Cyber law in India received a new cote of colour with the amended version in 2006 when the draftsmen tried to stretch the meaning of cyber crime from e- commercial crimes to newly evolving “disturbing”, “harassing” crimes which generally aim women at large. The chapter on “Offences” became plump with insertion of section 66 for dealing with all kinds of computer related offences; section 66A for dealing with Punishment for sending offensive messages through communication service; section 67 for dealing with Punishment for publishing or transmitting obscene material in electronic form and then again section 67 A for dealing with Punishment for publishing or transmitting of material containing sexually explicit act, etc. in electronic form. It is good news for women “netizens” indeed because most of these crimes are targeted for them. But as a woman myself, I wonder are we, the forgotten and neglected species in the Information Technology Act, really in the safer zone now? The lawyer within me vehemently says YES, women are safer now, but not the woman within me.
Let us check why this conflict arises in most of our minds.

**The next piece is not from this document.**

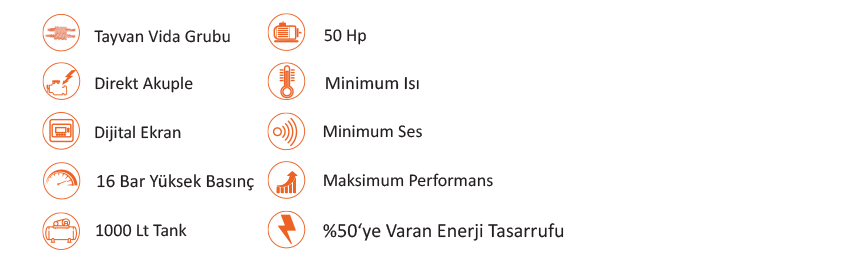 İnvertörlü Vidalı Hava Kompresörü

1. There is no specifically mentioned “crime against women in the internet” in India The offences mentioned above can happen to persons belonging to both the sexes. But whereas a man can bravely face the society after seeing himself portrayed embarrassingly in the web world, a woman can not. The Indian Penal Code has some sections mentioning “woman” in it; namely, section 509 which deals with punishment for word, gesture or act intended to insult the modesty of woman; again, section 498 A mentioning punishment for offences of cruelty by husband or relatives of husband of a woman; and last but not the least, the chapter dealing with sexual offences. Don’t women deserve similar treatment by the Information Technology Law too?
Women victims often feel very embarrassed and shy to report the case to the police , the very common reason being “when there is no chapter on crime against women in the Cyber law then how the police could register my case ?” It is fortunate as well as unfortunate that the victims of cyber crime are “educated”. I use the word fortunate because these victims first make a survey of series of similar cases and all possible provisions of the Information technology Act to know the nature of the crime by which they are affected and then they decide to take help of the police. At the same time, I use the word “unfortunate” because it is a bitter truth that in the internet, especially the female species are always considered as “prey” for some group of people who know very well what are loopholes of the Indian cyber law by which they can trap the girls.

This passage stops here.